Royal DSM sets sights on China’s clean-energy vehicles, electronic gadget markets
The Dutch nutrition and materials company has singled out electronics and automotive as the two key industries to drive its growth in China
Netherlands-based health, nutrition and materials group Royal DSM has thrown its weight behind China’s new-found preference for clean-energy vehicles and digital connectivity, pledging to increase investment in the market amid huge changes in the country’s economic landscape.
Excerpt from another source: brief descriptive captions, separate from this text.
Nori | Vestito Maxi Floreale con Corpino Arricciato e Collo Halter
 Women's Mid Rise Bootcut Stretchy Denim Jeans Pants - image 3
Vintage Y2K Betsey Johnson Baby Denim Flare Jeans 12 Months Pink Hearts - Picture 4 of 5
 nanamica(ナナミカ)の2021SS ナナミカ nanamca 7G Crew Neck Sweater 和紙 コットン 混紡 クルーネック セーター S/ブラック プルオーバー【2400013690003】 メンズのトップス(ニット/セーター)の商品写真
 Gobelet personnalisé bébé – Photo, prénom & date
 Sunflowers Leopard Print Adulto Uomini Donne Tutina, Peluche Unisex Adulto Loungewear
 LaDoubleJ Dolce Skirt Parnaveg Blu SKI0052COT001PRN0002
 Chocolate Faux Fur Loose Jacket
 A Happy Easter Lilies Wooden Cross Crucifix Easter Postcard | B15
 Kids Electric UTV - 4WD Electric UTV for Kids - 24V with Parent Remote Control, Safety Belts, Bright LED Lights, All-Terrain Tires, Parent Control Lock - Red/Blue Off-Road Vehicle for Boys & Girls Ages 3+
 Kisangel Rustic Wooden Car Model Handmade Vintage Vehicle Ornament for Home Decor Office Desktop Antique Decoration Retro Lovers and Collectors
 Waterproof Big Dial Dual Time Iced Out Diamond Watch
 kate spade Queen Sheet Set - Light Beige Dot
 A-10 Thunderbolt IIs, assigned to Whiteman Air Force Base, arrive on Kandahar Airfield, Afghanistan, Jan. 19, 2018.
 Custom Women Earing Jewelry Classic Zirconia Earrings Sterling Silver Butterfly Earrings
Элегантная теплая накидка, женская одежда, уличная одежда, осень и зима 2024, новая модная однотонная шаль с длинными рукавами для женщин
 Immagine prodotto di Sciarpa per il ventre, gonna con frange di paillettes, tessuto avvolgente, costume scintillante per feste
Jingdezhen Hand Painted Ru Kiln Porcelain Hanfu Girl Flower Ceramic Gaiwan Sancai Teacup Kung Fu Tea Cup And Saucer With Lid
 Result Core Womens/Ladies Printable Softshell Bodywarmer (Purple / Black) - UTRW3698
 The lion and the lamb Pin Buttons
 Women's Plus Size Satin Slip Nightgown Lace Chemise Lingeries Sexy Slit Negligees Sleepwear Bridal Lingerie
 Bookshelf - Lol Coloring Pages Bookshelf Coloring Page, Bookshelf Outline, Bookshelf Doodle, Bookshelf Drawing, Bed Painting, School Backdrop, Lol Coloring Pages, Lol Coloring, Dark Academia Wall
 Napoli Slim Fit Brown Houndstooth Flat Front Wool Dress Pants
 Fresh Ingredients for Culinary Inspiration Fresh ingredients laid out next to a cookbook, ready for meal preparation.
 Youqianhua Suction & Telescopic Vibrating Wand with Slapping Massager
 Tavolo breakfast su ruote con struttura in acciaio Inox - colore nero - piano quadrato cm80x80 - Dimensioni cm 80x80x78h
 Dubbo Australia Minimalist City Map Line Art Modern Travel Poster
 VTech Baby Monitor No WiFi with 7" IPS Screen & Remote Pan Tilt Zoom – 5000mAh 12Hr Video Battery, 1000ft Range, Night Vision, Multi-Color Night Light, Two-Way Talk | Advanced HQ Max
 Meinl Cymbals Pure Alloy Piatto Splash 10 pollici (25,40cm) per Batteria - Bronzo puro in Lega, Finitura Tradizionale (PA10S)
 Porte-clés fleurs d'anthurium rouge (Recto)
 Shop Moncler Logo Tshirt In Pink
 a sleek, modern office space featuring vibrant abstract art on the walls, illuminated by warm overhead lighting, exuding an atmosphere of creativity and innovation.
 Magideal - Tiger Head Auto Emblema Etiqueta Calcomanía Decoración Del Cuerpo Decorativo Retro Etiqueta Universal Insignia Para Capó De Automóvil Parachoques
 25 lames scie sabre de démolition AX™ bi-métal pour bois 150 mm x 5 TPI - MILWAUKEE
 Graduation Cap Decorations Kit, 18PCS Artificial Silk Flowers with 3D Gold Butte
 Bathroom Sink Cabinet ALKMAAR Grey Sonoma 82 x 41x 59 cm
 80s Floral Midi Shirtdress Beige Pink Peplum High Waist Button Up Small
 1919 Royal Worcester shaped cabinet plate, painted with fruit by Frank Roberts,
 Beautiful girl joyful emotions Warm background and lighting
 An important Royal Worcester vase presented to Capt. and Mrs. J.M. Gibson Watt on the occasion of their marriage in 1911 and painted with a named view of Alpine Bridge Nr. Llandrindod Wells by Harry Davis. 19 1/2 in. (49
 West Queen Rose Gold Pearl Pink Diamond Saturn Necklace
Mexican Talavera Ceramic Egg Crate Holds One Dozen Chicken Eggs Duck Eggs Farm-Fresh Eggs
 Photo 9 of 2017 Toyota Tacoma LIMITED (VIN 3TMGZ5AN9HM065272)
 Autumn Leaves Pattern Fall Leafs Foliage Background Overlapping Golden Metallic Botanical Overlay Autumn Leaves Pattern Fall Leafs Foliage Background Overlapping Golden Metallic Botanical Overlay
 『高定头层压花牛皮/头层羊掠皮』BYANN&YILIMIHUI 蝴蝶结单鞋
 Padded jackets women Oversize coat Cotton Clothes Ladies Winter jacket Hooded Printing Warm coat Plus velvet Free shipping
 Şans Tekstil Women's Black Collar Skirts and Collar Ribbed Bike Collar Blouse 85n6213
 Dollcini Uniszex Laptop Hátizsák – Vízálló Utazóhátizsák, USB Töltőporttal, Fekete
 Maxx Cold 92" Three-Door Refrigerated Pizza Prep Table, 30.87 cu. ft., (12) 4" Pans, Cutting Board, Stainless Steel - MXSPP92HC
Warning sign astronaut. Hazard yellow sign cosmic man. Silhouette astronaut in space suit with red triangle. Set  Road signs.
“We have transformed from a supplier only to the multinational companies in China five years ago to a supplier for both multinationals and Chinese brands today,” said Dimitri de Vreeze, a member of DSM’s managing board who oversees the company’s business in Asia. “Huge innovations will take place in this market in the next 10 years.”
He said that after establishing 22 production sites on the mainland, DSM would continue to seek merger and acquisition opportunities as well as investing in the world’s second-largest economy, despite worries about a slowdown in growth.
In the materials field, the Dutch company has singled out electronics and automotive as the two key industries it will focus on to chase fast business growth in China.
De Vreeze said the “focus approach” could help DSM to strengthen its innovation and development capabilities to cater to Chinese clients’ fast-changing demands.
Despite China’s increasing manufacturing might, materials science is viewed as one area whose core technologies it has yet to grasp amid its efforts to move locally-made products up the value chain.
DSM supplies to automakers that need to replace metals with lightweight materials such as carbon fibre.
Lightweight materials, essential for energy-efficient vehicles, allow electric cars to run for longer and to make the most of their battery power.
Though DSM would not disclose its detailed investment plans to expand on the mainland, Jiang Weiming, president of DSM China, said the company would gauge demand from clients on a case-by-case basis before making decisions.
New-energy vehicle sales in China have been buoyant since 2014, bolstered by government subsidies and incentives.
In 2015 sales, including pure electric and plug-in hybrid cars, jumped by more than fourfold from a year earlier before deliveries surged 53 per cent year-on-year in 2016.
In the first half of this year, new-energy vehicles saw a 14.4 per cent jump in sales from the same period a year ago.
“Cars of today will be dinosaurs in five to 10 years,” said De Vreeze. “There will be a move to low-weight vehicles which are highly connected.”
DSM joins a clutch of global big-name companies including General Motors striking an optimistic tone regarding China’s new-energy vehicle market.
Beijing has been encouraging their wider use, to protect the environment.
“In China, we found that there is stricter legislation on emissions and water filtration, and that’s what DSM likes, because, as a company, DSM is at the forefront of sustainability,” De Vreeze said.
Global business advisor McKinsey predicted that one out of every three new car sales in the world before 2022 would take place in China, the primary source of growth for the global auto market.
“As Chinese consumers continue to become more sophisticated, automakers must reinvent their success formulas to surprise and delight them,” said Paul Gao, a partner with McKinsey. “That means delivering leading-edge connectivity options, pursuing digital innovations, participating in the electric vehicle space, and taking steps in the burgeoning used-car market.”
De Vreeze said Chinese car brands would pick up their growth in the coming years, driving demand for science-based materials such as DSM’s Dyneema-branded products, which claim to be made from the world’s strongest fibre.
In the electronics field, DSM says its plastic materials used in mobile phone antennae can help improve connectivity while reducing the weight. Normally, plastics are less capable than metals at receiving signals.